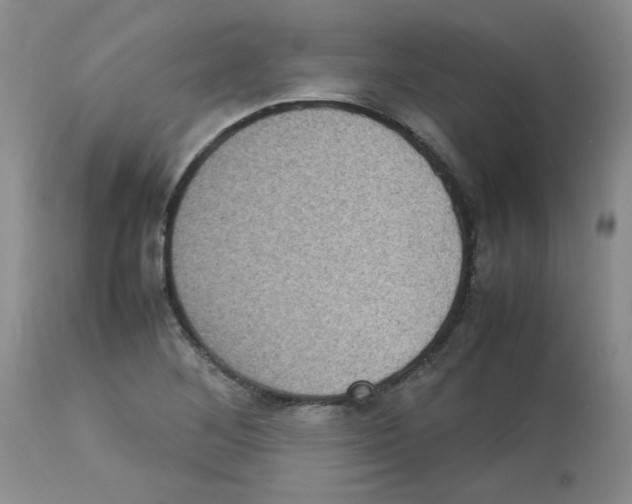 X0000112731268200910011148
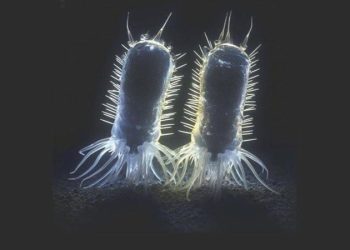 Avustralyalı bilim insanları ‘Dünya’daki mümkün birinci yırtıcı canlıyı’ keşfetti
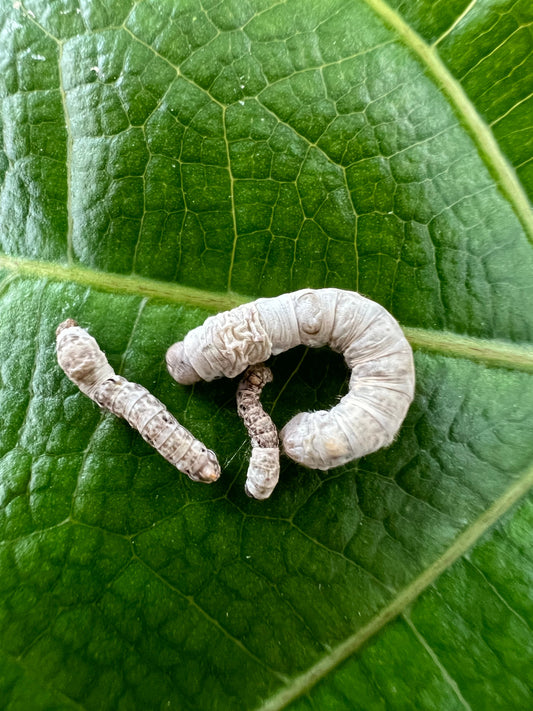 Small/Medium Silkworm Assortment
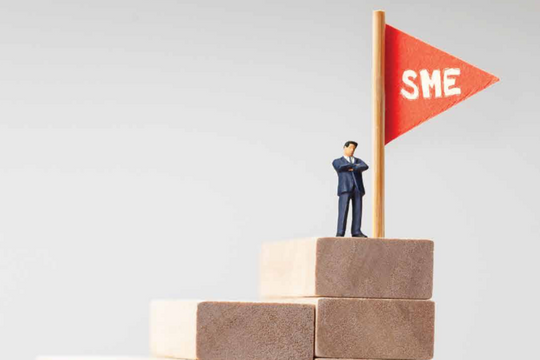 Chuyển đổi số: Khi doanh nghiệp SME năng động hơn các tập đoàn lớn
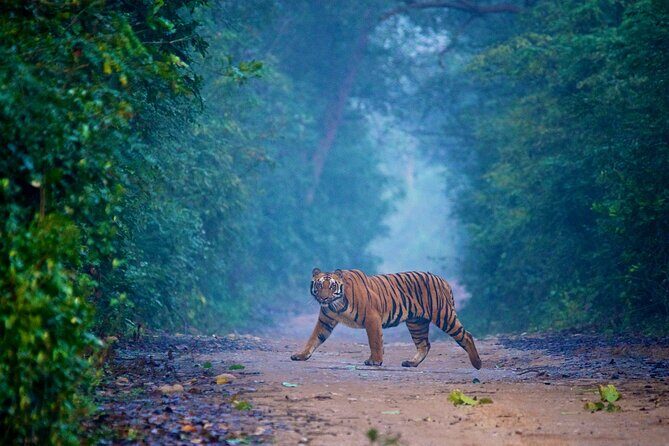 2 - Days: Jim Corbett jungle safari tour from Chennai by Flight - A Practical Look at the Journey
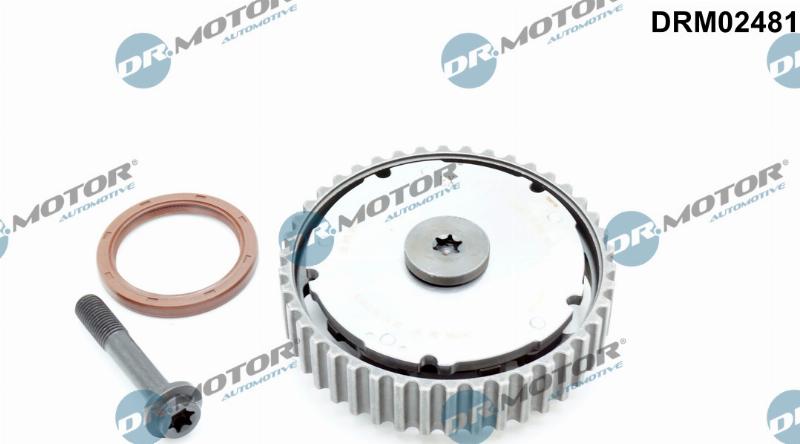 Dr.Motor Automotive DRM02481 - Regulator ax cu came aaoparts.ro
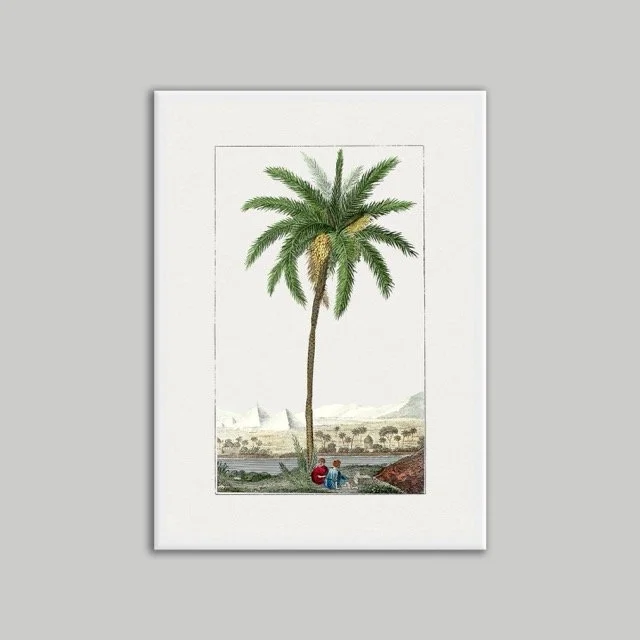 White Framed Poster A3.jpeg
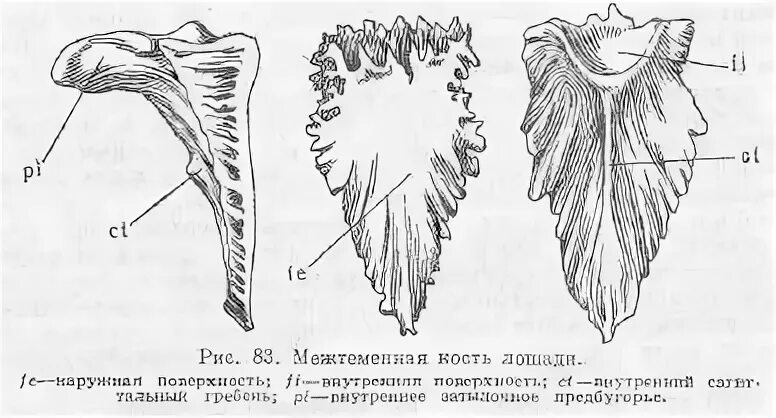 Теменная кость анатомия животных. Теменная кость лошади. Теменная кость коровы. Сагиттальный гребень черепа. Гребни на костях животных изменчивы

◆ ◆ ◆ ◆ ◆ ◆ ◆

Would you retype exactly the lines running from the line that contains "2 - Days: Jim" through the end of the listing above, both included? Skip every picture.

● **Task response**
 2 - Days: Jim Corbett jungle safari tour from Chennai by Flight - A Practical Look at the Journey
 Dr.Motor Automotive DRM02481 - Regulator ax cu came aaoparts.ro
 White Framed Poster A3.jpeg
 Теменная кость анатомия животных. Теменная кость лошади. Теменная кость коровы. Сагиттальный гребень черепа. Гребни на костях животных изменчивы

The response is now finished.